What structures lead to upper back muscle spasm?
The upper back or thoracic spine can be seen as the main train station, where all the major lines connect. The neck, shoulders, lower back and hips can all influence or be influenced by pain and imbalance of the upper back muscles.
If you travel through the layers of the upper back muscles you will find:
- Lattisimus dorsi
- Rhomboid major and minor
- Serratus posterior
- Splenius cervicis
- Longissimus thoracis
- Splenius thoracis
- Semispinalis thoracis
- and finally multifidus
- intercostal muscles attach between the ribs
Its a connected network
All these muscles have a left and right counterpart and together work in harmony to move your upper back to turn and look behind you or lift and elongate the body for good posture.
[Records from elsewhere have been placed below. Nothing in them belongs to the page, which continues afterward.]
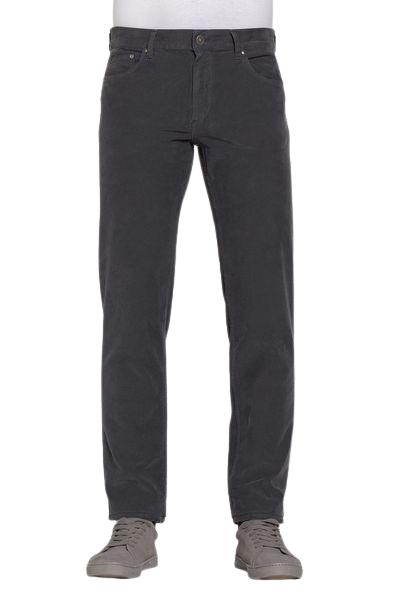 Jeans Fustagno Elasticizzato 700/9195A Moleskin Carrera Grigio - Blocco94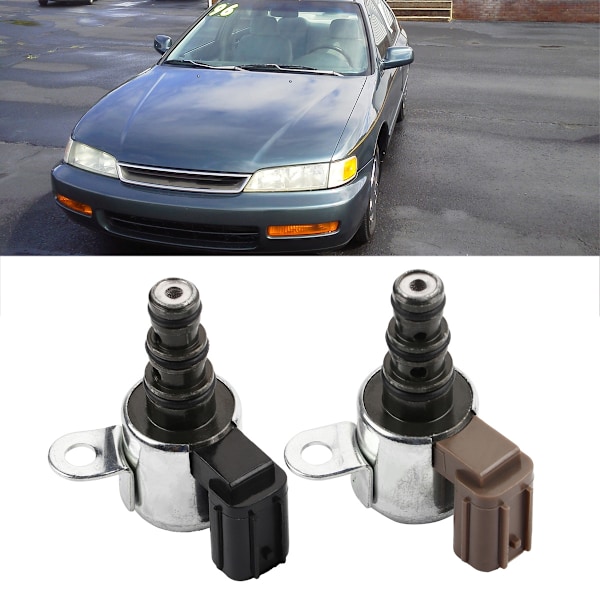 B_C Elektromagnetisk ventil för Honda Acura, Aluminiumkonstruktion Växelkontroll Solenoid Erbjuder Högkvalitativt Material & Enkel Installation, Felfri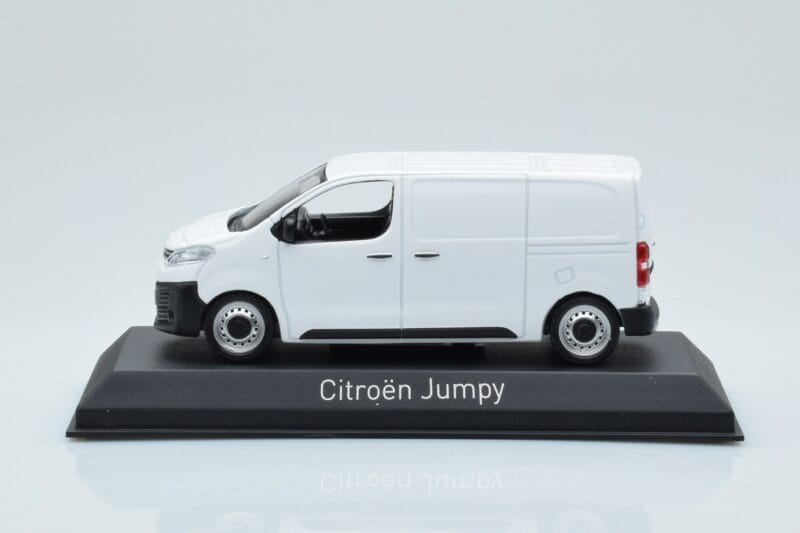 Citroen Jumpy Van White Norev 1:43 155820 Diecast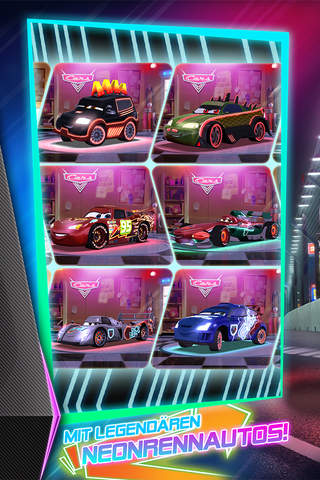 Cars: Fast as Lightning screenshot 3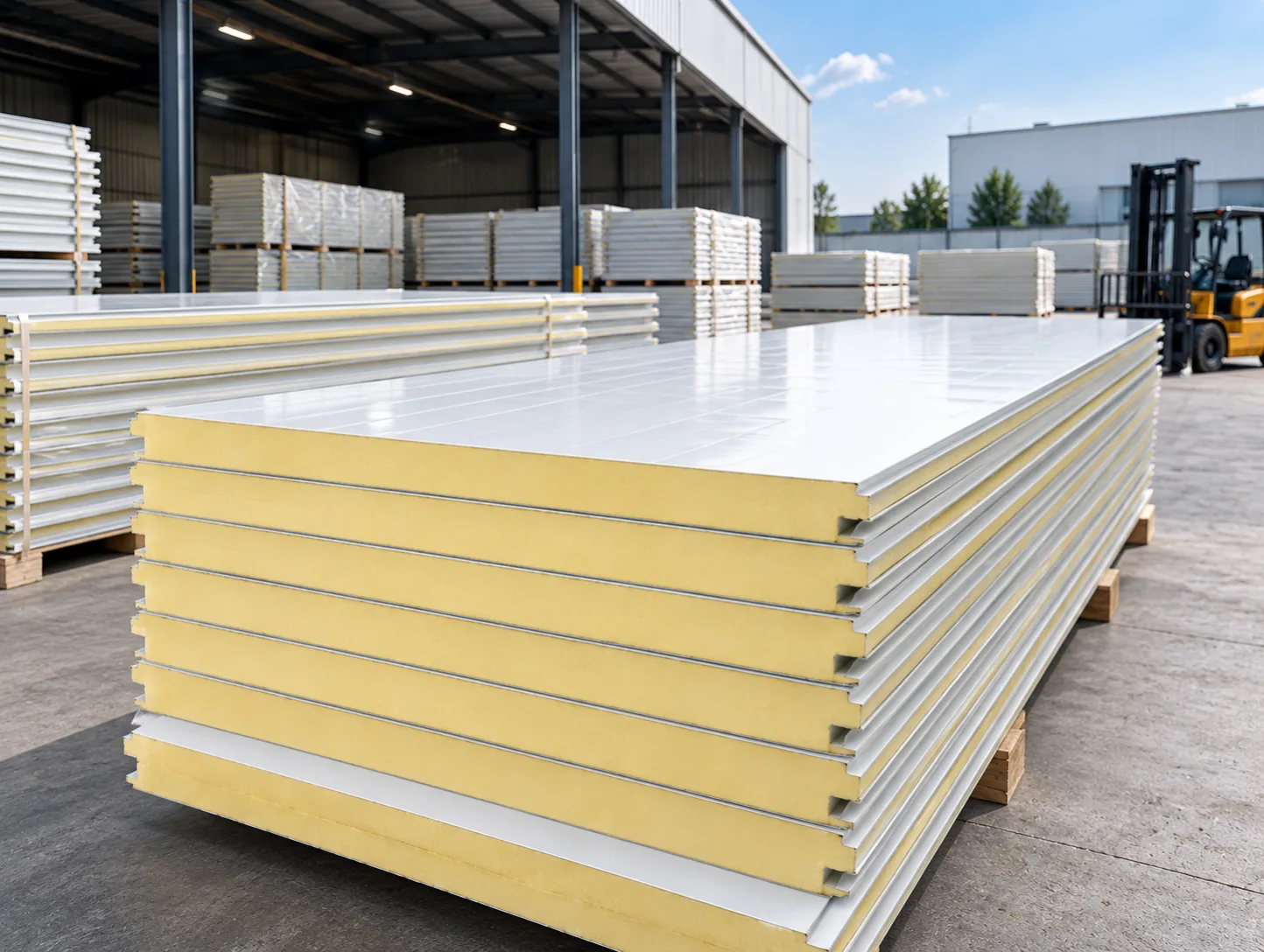 PUF Sandwich Panel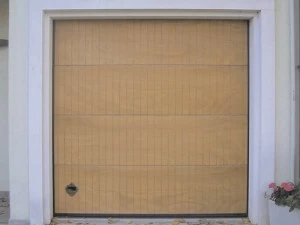 Breda Окуме гаражные ворота Wood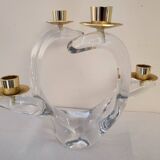 Chandelier 4 crystal branches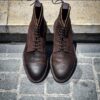 Crockett & Jones Coniston Dark Brown Roughout - Image 5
Unfortunately, poor posture leads to lazy, elongated muscles in the upper back that are more comfortable slouching forward over your steering wheel, phone or laptop.
We have 12 thoracic vertebrae, with 12 sets of ribs on either side. This makes the thoracic spine less flexible that the neck and lower back. But rightly so, because it protects such precious cargo. The lungs and heart fill most of the chest cavity. Poor posture can influence your lung capacity, quality of your breath and if you have ever experienced an anxiety attack, you know that the ease you breathe with can influence your state of mind. So I’ll argue that by affecting the quality of your breath, upper back muscle spasm can break down your quality of life, pain intensity set aside. Your liver, on the right, and stomach, on the left are located under the lowest ribs on either side.
Just like the neck and back, the thoracic spine has discs in between the vertebrae. Because of the ribs and immobility, the risk of injuring a disc is much less than the neck or lower back, but a rare slipped thoracic disc can give you quite intense upper back muscle spasms.
Nerve roots are found between the bones and supply the muscles and skin of the upper back and chest.